Extracting data from 2 different pages for

Hello,

I need to extract the votes and date the question was asked from Amazon for all the questions present here: Amazon.com: Customer Questions & Answers
The data columns and values I want is**: question, votes, date question was asked.** - Please note this data spans over multiple pages.

The date and votes for each question is on 2 different web pages. The votes and question can be extracted as is but we need to click the question link to get the date.
How should I do this? I tried using web scraping and filling each row of the excel first with question then votes but the scraper is giving issues and moving down to the next question is hard. If I use data scraping my table only stores votes and question, not the date. If I l later go and get the date then the rows are mismatched. Help will be greatly appreciated, thanks!

1 Like

Hey @SSSS_MMMM

Did you try Data Scraping?

Thanks
#nK

@Nithinkrishna Yes

1 Like

So @SSSS_MMMM what challenge you are facing when you use data Scraping technique?

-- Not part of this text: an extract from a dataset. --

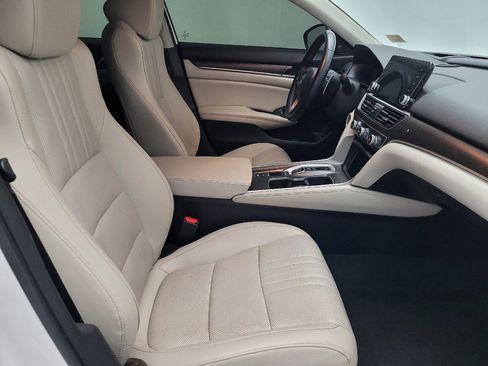 Used 2019 Honda Accord Touring image 21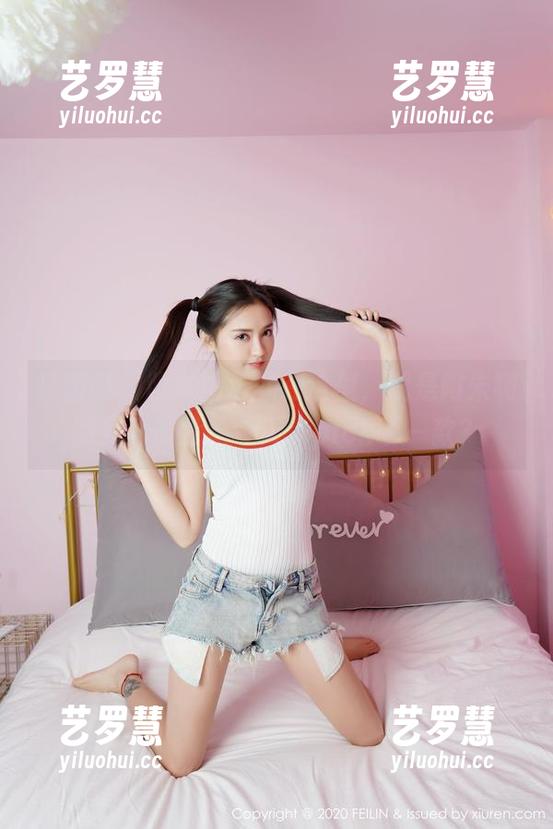 嗲囡囡 - 眼镜图包就在这里，就是阿朱啊的多个侧脸，今天你pick哪一款？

As I can see you tried screen scraping which is different.

Thanks
#nK

@Nithinkrishna Overall, what I want is question, question date, question votes, all answers to question, answer hellpfullness votes, answer date, answer username. Here is my code:
the issues is:

  1. when a question has no answers the automation just freezes. For over 1 hour it was stuck on the same question because it had no answer.
    Here is what my automation does:
  2. It opens an excel file with product link and ASIN(product ID)
  3. Then from the ASIN number it goes to the main page for that product where it can find all the question and answers
  4. Then it extracts all the question links, votes, question
  5. It then goes on each question link and uses data scraping to get the answers, answer date, answer user name, answer helpfullness
  6. It uses screen scraping for getting the question date
  7. It then adds a column where it adds the question, votes, and question date for the above data(multiple answers) per question
  8. then it sets all the data tables to null
  9. Repeats the process all over again
    Here is my code:
    Main.xaml (29.7 KB)

Here is the input excel file:
Ques Ans With Votes Final 24.xlsx (8.5 KB)

1 Like

Hey @SSSS_MMMM

You are trying to do from here,

Thanks
#nK

@Nithinkrishna Yes